1. A method for melting of batch materials in a pot (40) inside a furnace (1) for production of glass metal to be used for manual processing, comprising
   filling of the pot (40) with the batch to be melted into glass metal;
   heating of the pot to achieve melted glass metal, characterized in
   forming of a temperature profile in the pot such that the melting of the batch in the pot (40) is primarily effected from the bottom and upwards and simultaneously from the side walls and inwards inside the pot (40), said temperature profile achieved by arranging a space region between the pot (40) and an upper floor surface (21) in the furnace and thereby initially heating this region to a slightly higher temperature than the rest of the furnace chamber, whereby the melting of the batch is proceeding essentially from below and from the sides of the pot towards the upper portion of the pot.
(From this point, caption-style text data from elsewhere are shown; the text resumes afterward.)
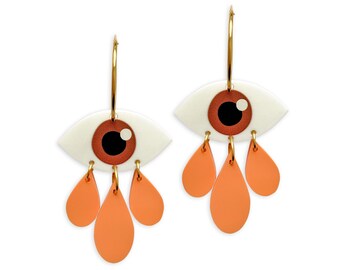 Eye Hoop Earrings - Crying Teardrops Drops Tears Cry Baby Peachy Peach Brown Orange Colorful Statement Gold Mystical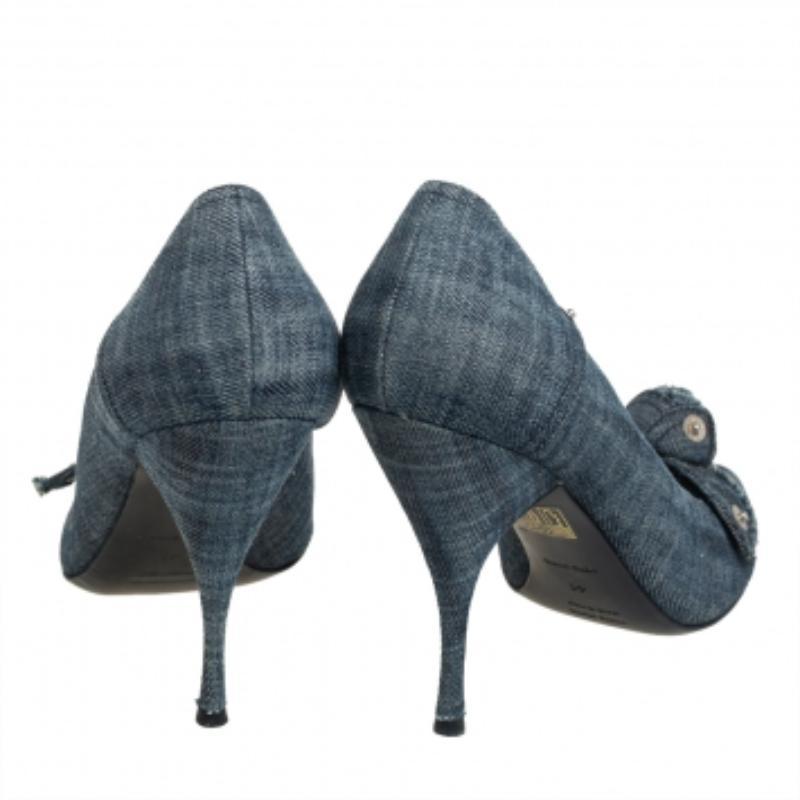 Black Miu Miu Blue Denim Peep-toe Pumps Size 41 For Sale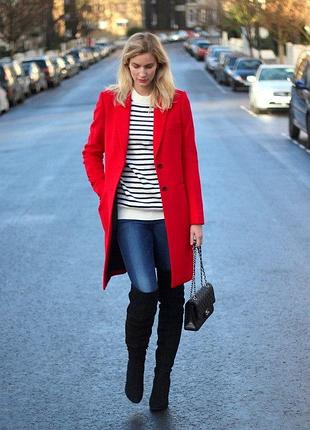 Шерстяне червоне пальто joseph оригінал 36 розмір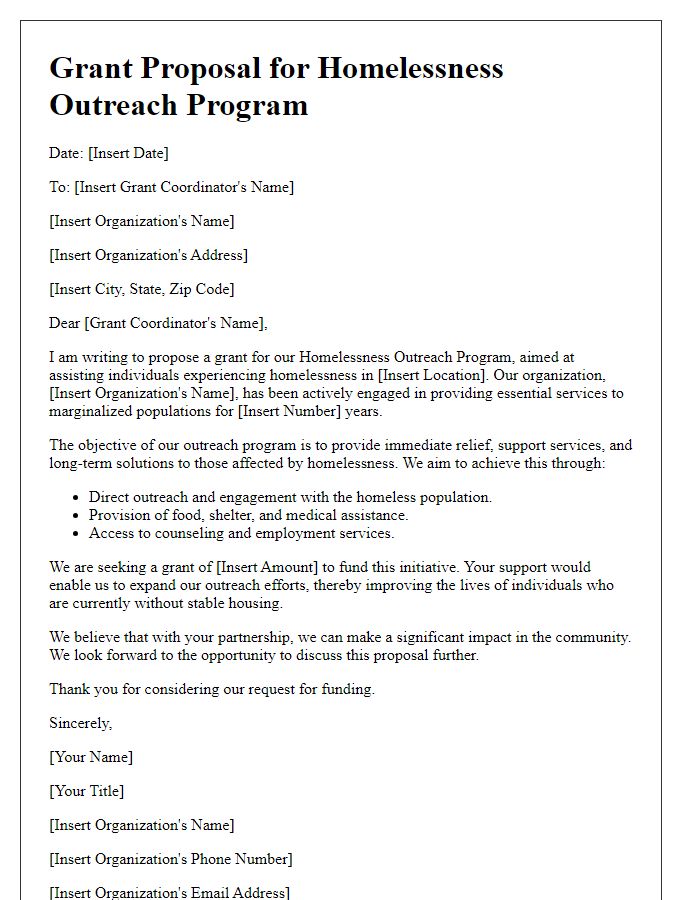 Letter template of proposal for homelessness outreach grant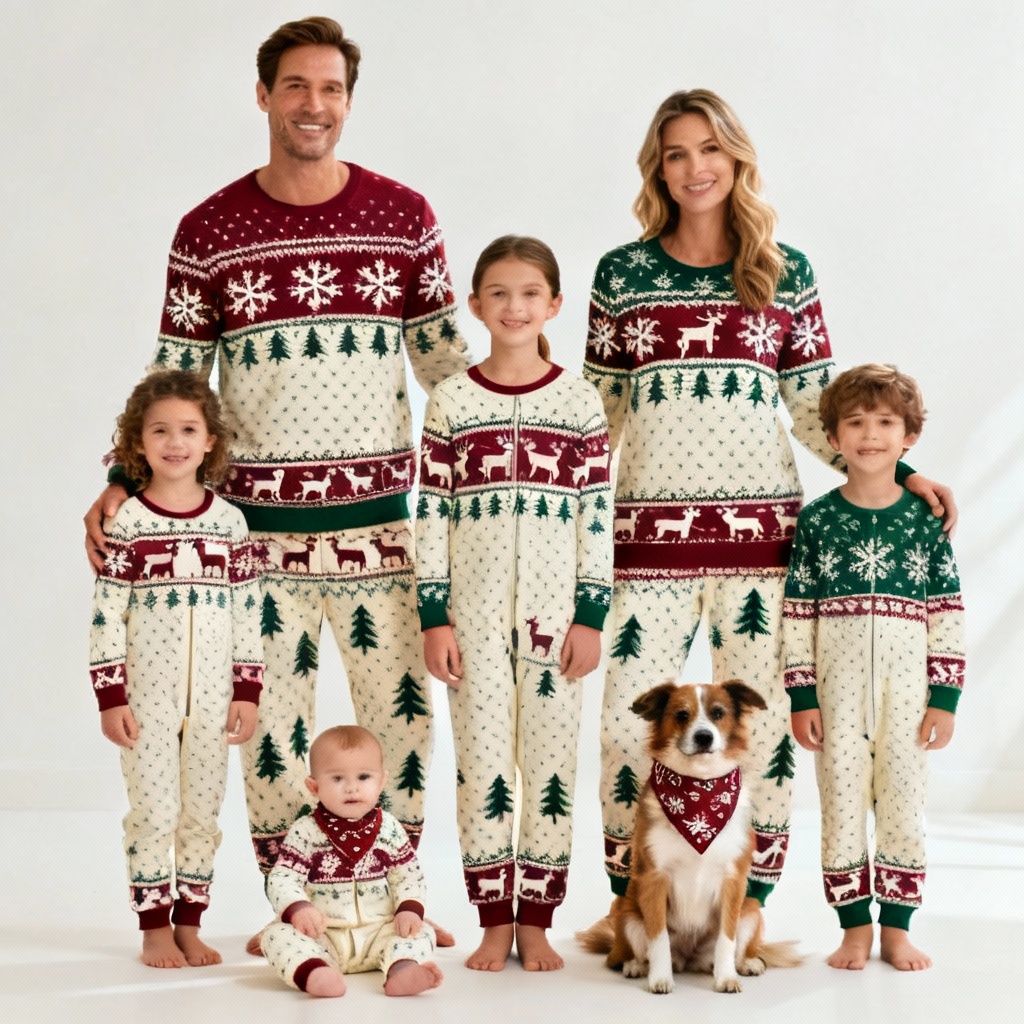AI Nordic fair isle matching family Christmas pajamas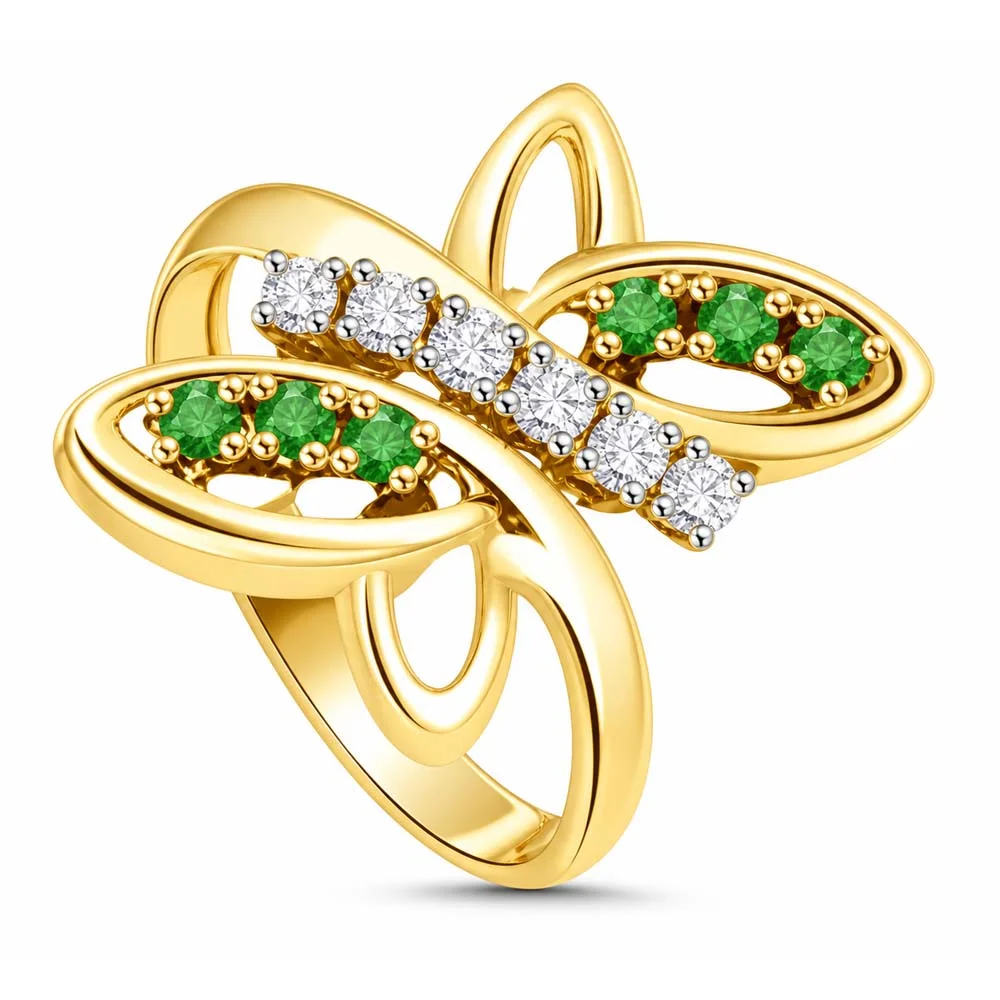 0.48cts Real Diamond & Emerald Ring (SDR1436)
2. The method according to claim 1, wherein the pot furnace comprises a variety of vertically hanging electric heaters (30) each of which is equipped with its own power inlet (34) arranged around the pot (40), characterized in that the bottom of the pot is exposed to heat directly radiated from the heaters (30).

3. The method according to claim 2, characterized in that cooling air primarily utilized to prevent the condensation of glass at the power terminal inlets (34) of the heaters is blown along the heaters (30) for cooling of said heaters downwardly such that the electric resistance of the heaters is varied and gradually is increased towards a lower portion (30b, 31) of the heaters, whereby the emitted power at constant voltage across the heaters will correspondingly increase downwards the heaters.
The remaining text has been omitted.